Sin embargo, mientras los grandes modelos geológicos basados en IA maduran, podemos mejorar la asignación de recursos con modelos de optimización dinámica y opciones reales (herramientas que valoran decisiones secuenciales bajo incertidumbre). Con la información geológica, geofísica y logística disponible se estima probabilidad de hallazgo, costos y restricciones; una función objetivo —valor esperado ajustado por riesgo— prioriza y secuencia el presupuesto. Tras cada campaña, el modelo recibe nuevos datos, actualiza sus probabilidades (lógica bayesiana) y reasigna fondos hacia los blancos cuya relación “potencial/incertidumbre” mejora. La regla es transparente, auditable y reduce sesgos; la decisión final permanece en manos del equipo geocientífico y directivo. Eso sí: exige disciplina en la captura de datos y liderazgo para que el algoritmo no se convierta en una “caja negra”.
Este enfoque gestiona mejor el riesgo hoy; la creatividad será decisiva cuando integremos IA para plantear las próximas hipótesis de descubrimiento.
La IA ya rinde frutos en procesos minero-metalúrgicos donde los datos fluyen sin fricción; el desafío es trasladar parte de esa eficiencia al terreno incierto —y fascinante— de la exploración greenfield.
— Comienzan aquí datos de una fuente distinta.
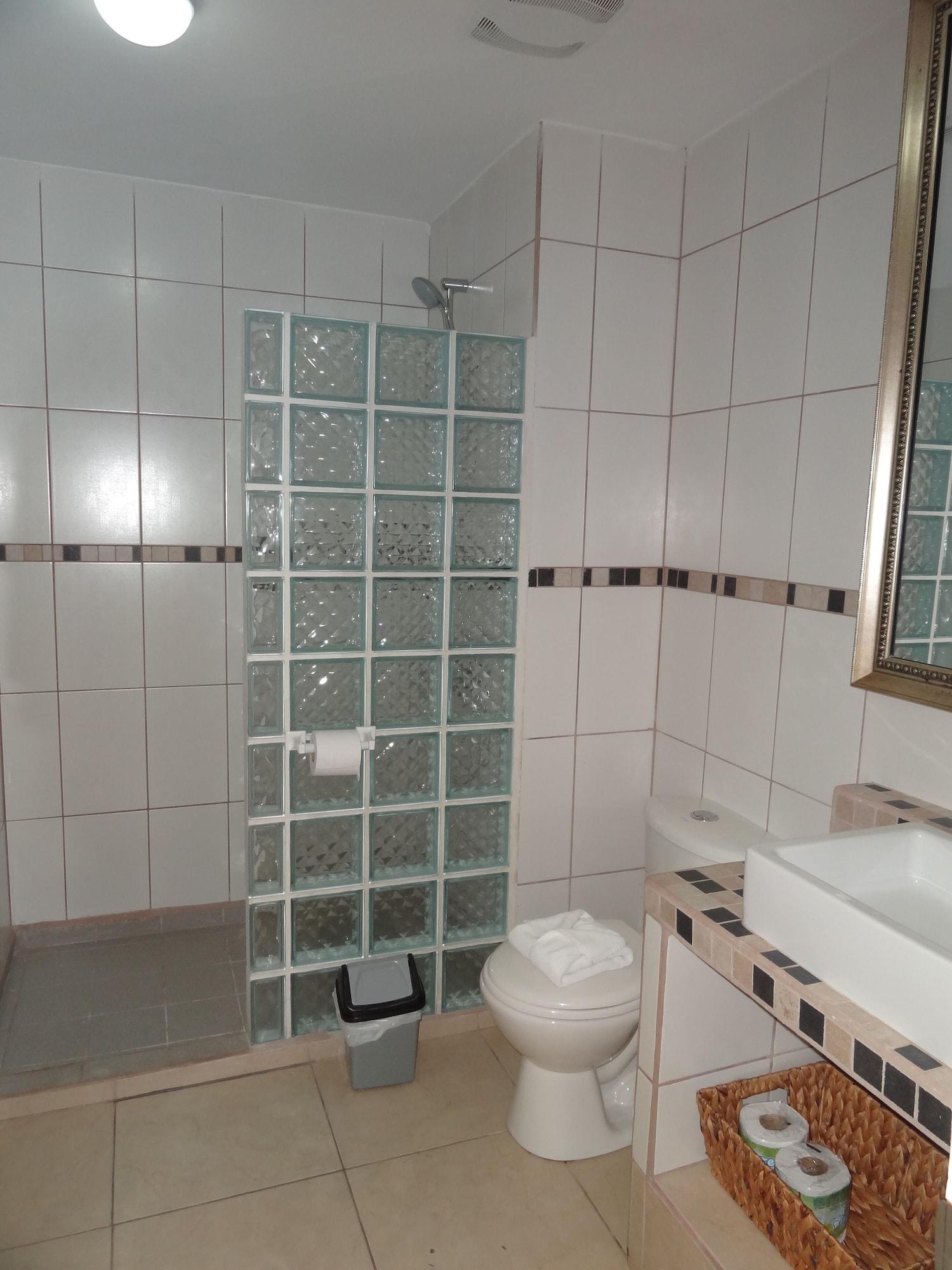 Del Rey Apartments Aruba Eksteriør bilde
Para convertir datos en conocimiento y algoritmos en descubrimientos necesitamos menos reverencia (o temor) a la tecnología y más colaboración interdisciplinaria: geólogos, geoquímicos, geofísicos, estadísticos y científicos de datos bajo un mismo techo. Sólo entonces la IA multiplicará nuestras capacidades sin sustituir lo que la hace verdaderamente valiosa: la capacidad humana de crear. Y, ante las metas de transición energética y desarrollo sostenible que se avecinan, esa creatividad —bien alimentada por algoritmos— es hoy un recurso tan crítico como el cobre.